Hide Forgot
Created attachment 1213753 [details] qemu machine configuration xml Description of problem: I'm having pacemaker cluster with sbd (storage based death) fencing configured on qemu nodes. SBD fencing means that cluster node is rebooted as soon as it looses pacemaker quorum. All works correctly when inducing kernel panic with 'echo c > /proc/sysrq-trigger' or cutting the node from other nodes. However running 'halt -fin' will just leave the node hanging. Version-Release number of selected component (if applicable): RHEL7.3 and RHEL6.7 (with appropriate offical version) How reproducible: always Steps to Reproduce: 1. configure pacemaker cluster with sbd fencing (node reboot on quorum loss) 2. on one of the cluster nodes issue 'halt -fin' Actual results: node doing nothing Expected results: node rebooted as when 'echo c > /proc/sysrq-trigger' Additional info: I'm logging this on qemu-kvm because it seems to me to be the most probable one to blame. I can easily provide configured cluster to reproduce. Configuration of the watchdog card in qemu machines looks like this: <devices> ... <watchdog model='i6300esb' action='reset'> <alias name='watchdog0'/> <address type='pci' domain='0x0000' bus='0x00' slot='0x07' function='0x0'/> </watchdog> ... </devices>
> Description of problem: > I'm having pacemaker cluster with sbd (storage based death) fencing configured on qemu nodes. SBD fencing means that cluster node is rebooted as soon as it looses pacemaker quorum. Is clustering in the hosts or between guests? Assume hosts. > All works correctly when inducing kernel panic with 'echo c > /proc/sysrq-trigger' or cutting the node from other nodes. Is this on the host or in a guest? Guest? > Version-Release number of selected component (if applicable): > RHEL7.3 and RHEL6.7 (with appropriate offical version) Please distinguish between hosts and guests versions. RHEL7 host and RHEL6 guests? For the host, please provide the exact package versions for kernel, qemu and libvirt. For the guests, please provide the exact kernel version. Also, please provide the full qemu command line. The XML will give us a start. Interesting that the machine type is rhel6.3.0... Thanks.

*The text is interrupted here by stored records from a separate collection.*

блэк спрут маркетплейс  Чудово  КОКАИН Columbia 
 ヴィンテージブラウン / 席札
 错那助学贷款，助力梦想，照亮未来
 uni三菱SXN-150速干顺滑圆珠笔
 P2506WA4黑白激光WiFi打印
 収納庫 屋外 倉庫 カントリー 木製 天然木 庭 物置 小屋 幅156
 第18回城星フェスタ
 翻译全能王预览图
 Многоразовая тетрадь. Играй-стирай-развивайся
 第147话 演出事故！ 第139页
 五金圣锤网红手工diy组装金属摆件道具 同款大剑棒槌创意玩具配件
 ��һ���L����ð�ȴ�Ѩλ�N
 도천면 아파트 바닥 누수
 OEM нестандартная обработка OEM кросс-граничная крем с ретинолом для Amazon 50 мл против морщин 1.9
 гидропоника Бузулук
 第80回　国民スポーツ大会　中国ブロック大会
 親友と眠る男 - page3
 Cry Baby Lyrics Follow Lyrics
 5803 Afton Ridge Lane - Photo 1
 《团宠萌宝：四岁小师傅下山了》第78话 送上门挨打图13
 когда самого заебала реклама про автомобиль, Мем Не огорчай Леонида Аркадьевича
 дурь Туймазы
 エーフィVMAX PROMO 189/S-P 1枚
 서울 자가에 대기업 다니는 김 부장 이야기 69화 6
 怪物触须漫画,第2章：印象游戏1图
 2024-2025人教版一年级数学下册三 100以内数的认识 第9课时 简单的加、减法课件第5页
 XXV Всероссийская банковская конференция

It's cluster between guests. Host is not part of the cluster. As for the versions, it happens in all the instances I tried (different or same host/guest versions, rhel6 and rhel7). As an example I have the following configuration where it fails: host (rhel6.7): [root@big-01 ~]# rpm -q qemu libvirt kernel package qemu is not installed libvirt-0.10.2-54.el6_7.2.x86_64 kernel-2.6.32-573.8.1.el6.x86_64 guests (rhel6.9): [root@virt-031 ~]# rpm -q qemu libvirt kernel package qemu is not installed package libvirt is not installed kernel-2.6.32-671.el6.x86_64 [root@virt-031 ~]# cat /etc/redhat-release Red Hat Enterprise Linux Server release 6.9 Beta (Santiago) full line to run qemu-kvm: /usr/libexec/qemu-kvm -name virt-031.cluster-qe.lab.eng.brq.redhat.com -S -M rhel6.3.0 -enable-kvm -m 1024 -realtime mlock=off -smp 1,sockets=1,cores=1,threads=1 -uuid d4c1b147-1303-3ddf-5568-35d7fccd1d3d -nographic -nodefconfig -nodefaults -chardev socket,id=charmonitor,path=/var/lib/libvirt/qemu/virt-031.cluster-qe.lab.eng.brq.redhat.com.monitor,server,nowait -mon chardev=charmonitor,id=monitor,mode=control -rtc base=utc -no-shutdown -device piix3-usb-uhci,id=usb,bus=pci.0,addr=0x1.0x2 -drive file=/dev/storage-big/root-virt-031.cluster-qe.lab.eng.brq.redhat.com,if=none,id=drive-virtio-disk0,format=raw,cache=unsafe,aio=native -device virtio-blk-pci,scsi=off,bus=pci.0,addr=0x4,drive=drive-virtio-disk0,id=virtio-disk0,bootindex=2 -netdev tap,fd=140,id=hostnet0,vhost=on,vhostfd=141 -device virtio-net-pci,netdev=hostnet0,id=net0,mac=1a:00:00:00:00:1f,bus=pci.0,addr=0x3,bootindex=1 -netdev tap,fd=144,id=hostnet1,vhost=on,vhostfd=145 -device virtio-net-pci,netdev=hostnet1,id=net1,mac=52:54:00:01:00:1f,bus=pci.0,addr=0x5 -chardev pty,id=charserial0 -device isa-serial,chardev=charserial0,id=serial0 -device i6300esb,id=watchdog0,bus=pci.0,addr=0x7 -watchdog-action reset -device virtio-balloon-pci,id=balloon0,bus=pci.0,addr=0x6 -msg timestamp=on
Did you succeed in reproducing the problem?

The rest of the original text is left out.